▶ [Input records]:
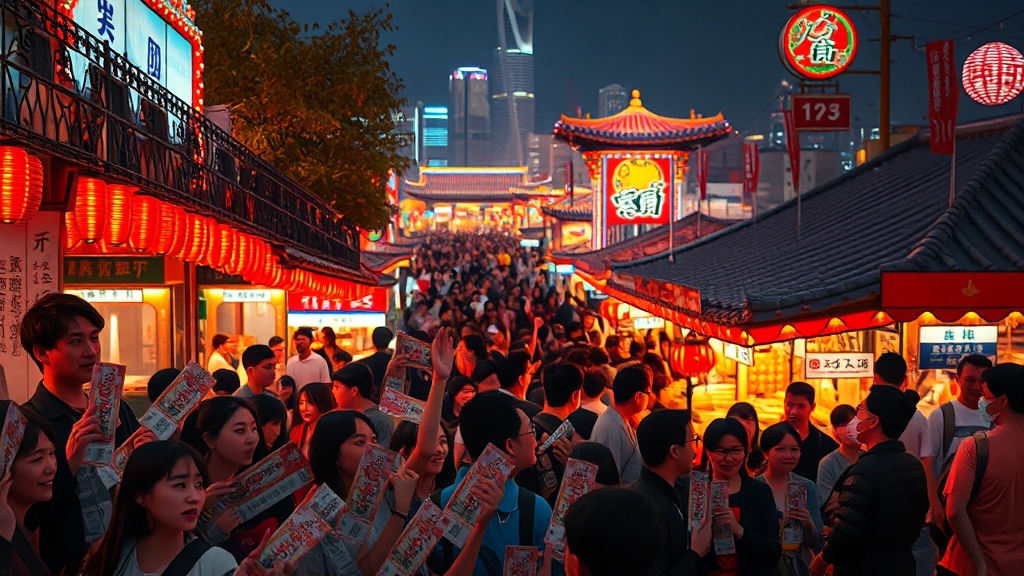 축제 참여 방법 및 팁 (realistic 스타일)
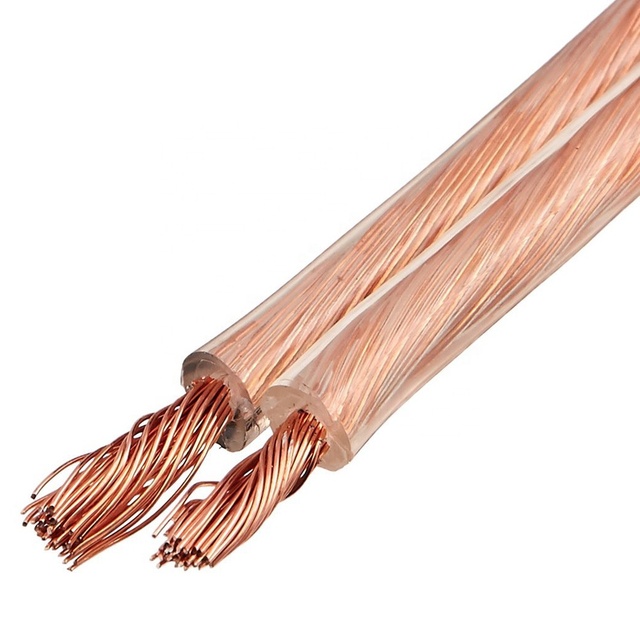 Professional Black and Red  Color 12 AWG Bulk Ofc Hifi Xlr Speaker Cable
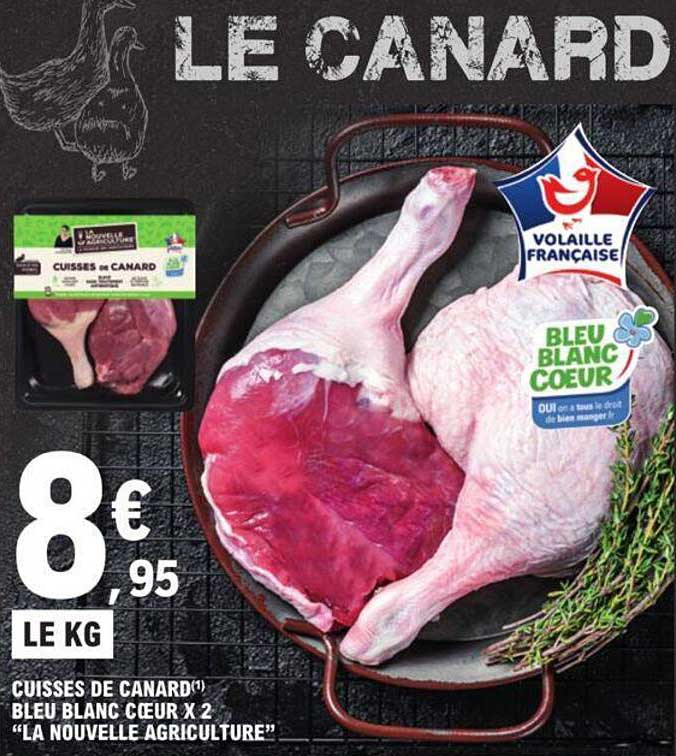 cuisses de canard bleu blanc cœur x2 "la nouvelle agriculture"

...

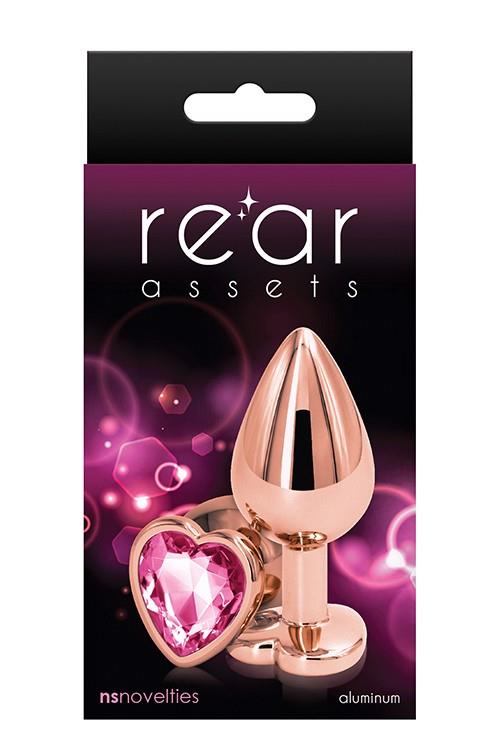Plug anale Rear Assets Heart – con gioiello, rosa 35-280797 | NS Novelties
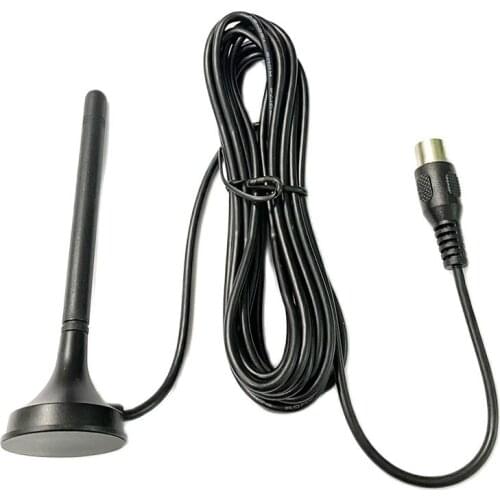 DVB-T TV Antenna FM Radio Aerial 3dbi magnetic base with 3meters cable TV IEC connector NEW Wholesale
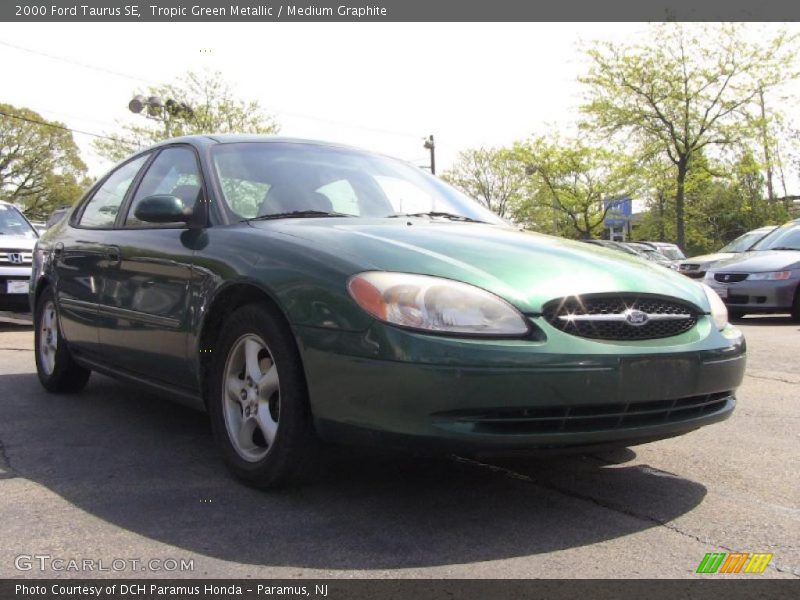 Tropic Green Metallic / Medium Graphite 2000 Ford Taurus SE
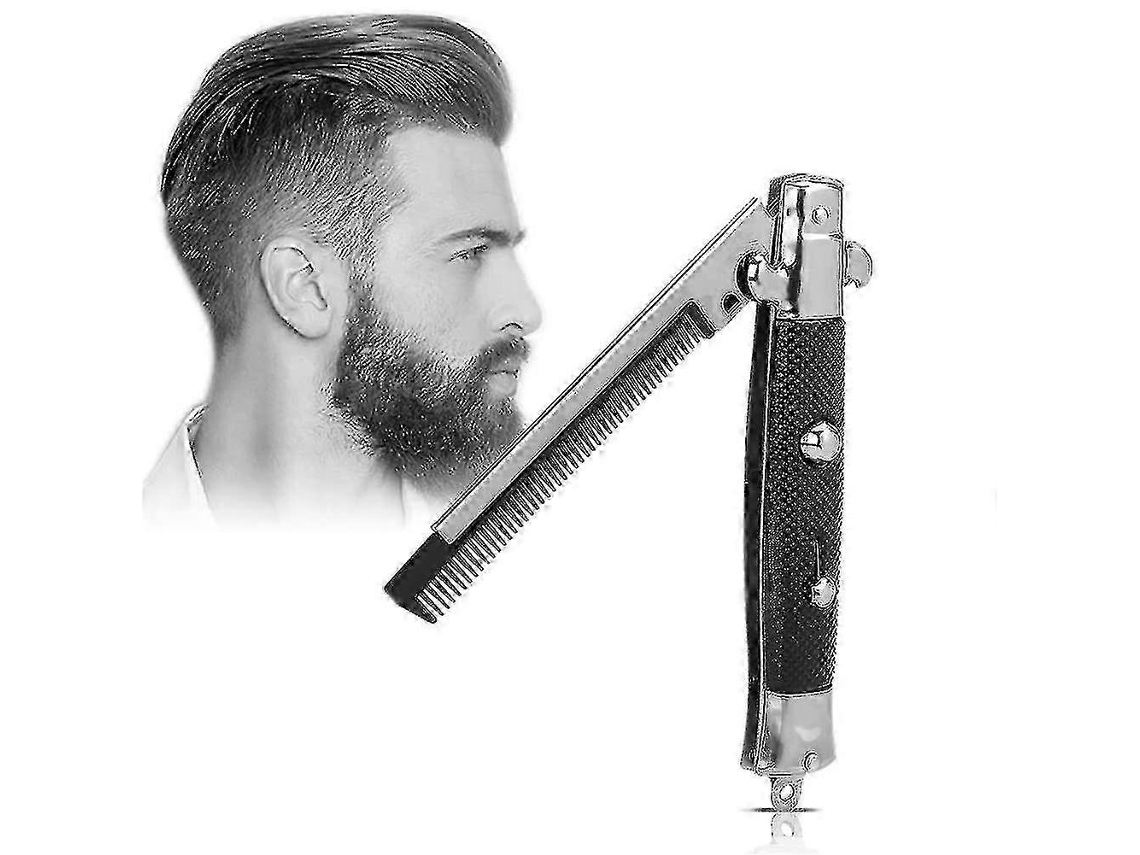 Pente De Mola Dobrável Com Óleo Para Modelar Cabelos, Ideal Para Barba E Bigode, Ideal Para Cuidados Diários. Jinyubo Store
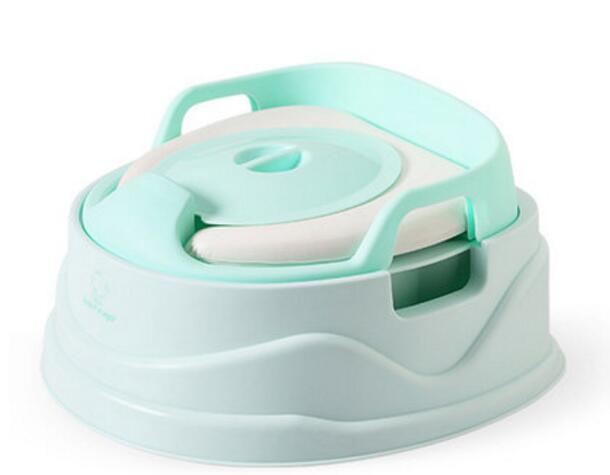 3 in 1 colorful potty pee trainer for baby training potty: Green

▶ [The task]:
Look back over the records above. Reproduce exactly everything from the line with "DVB-T TV Antenna" down to the line with "3 in 1 colorful", inclusive, and leave the pictures out.

▶ [Reply]:
 DVB-T TV Antenna FM Radio Aerial 3dbi magnetic base with 3meters cable TV IEC connector NEW Wholesale
 Tropic Green Metallic / Medium Graphite 2000 Ford Taurus SE
 Pente De Mola Dobrável Com Óleo Para Modelar Cabelos, Ideal Para Barba E Bigode, Ideal Para Cuidados Diários. Jinyubo Store
 3 in 1 colorful potty pee trainer for baby training potty: Green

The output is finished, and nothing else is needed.